像子貢、子夏這樣把讀“詩”與做人聯絡起來,由讀詩而悟做人,孔子以為“始可與言詩已矣”,因為他們“知類”,能夠觸類而旁通。“啟發”是指引學生朝前走,發揮的是學生自己的主體智慧。“不憤”而“啟”,“不悱”而“發”,是牽著學生朝前走,學生的主體作用得不到充分的發揮,所以孔子不為;“舉一隅不以三隅反”,是學生思所不能到,智所不能及,所以夫子“不復也”。

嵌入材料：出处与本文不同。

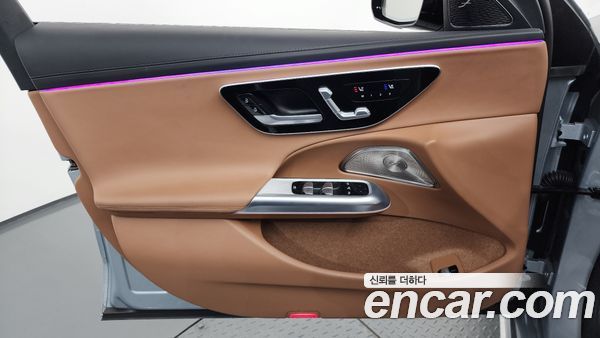 Mercedes-Benz E-Class 2024, фото 14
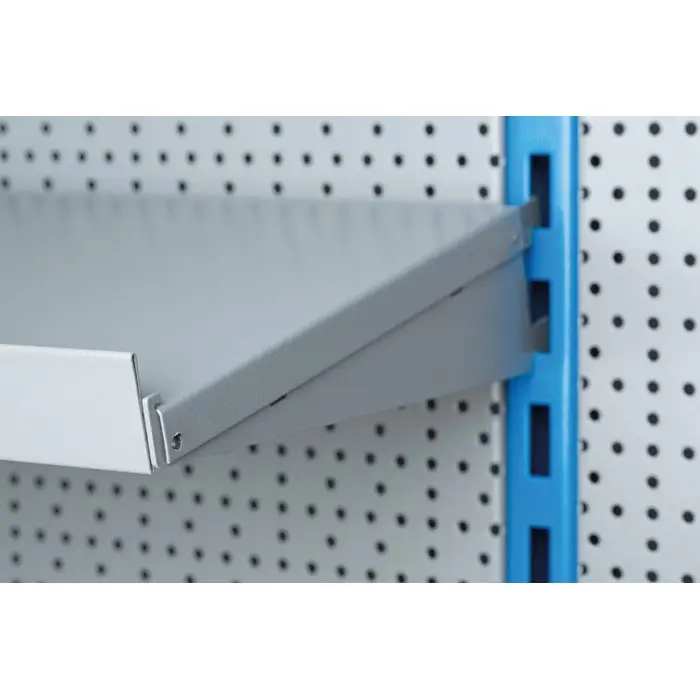 Mensola con Supporti 990SHELF 1500mm Grigio - image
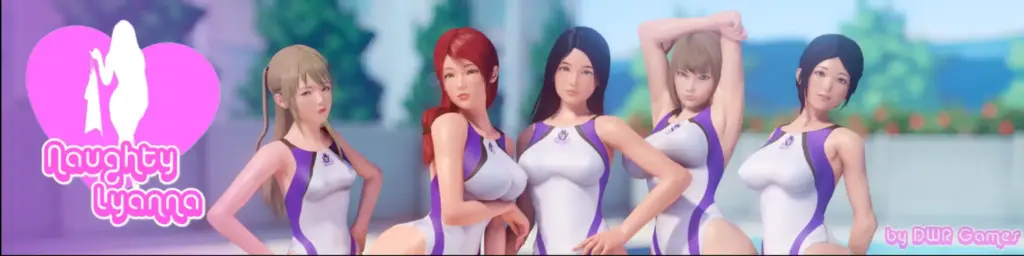 【欧美SLG/AI汉化/3D】调皮的莉安娜S02v0.28 AI汉化版【PC+安卓/8.32G/更新】-X游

啟發式教學法注重學生自主探索,充分發揮學生的主體作用。孔門最好學的弟子顏淵曾感嘆說:“夫子循循善誘人,博我以文,約我以禮,欲罷不能。既竭我才,如有所立卓爾,雖欲從之,末由也已。”“欲罷不能”就是“循循善誘”的魅力,也是孔子教育藝術的魅力。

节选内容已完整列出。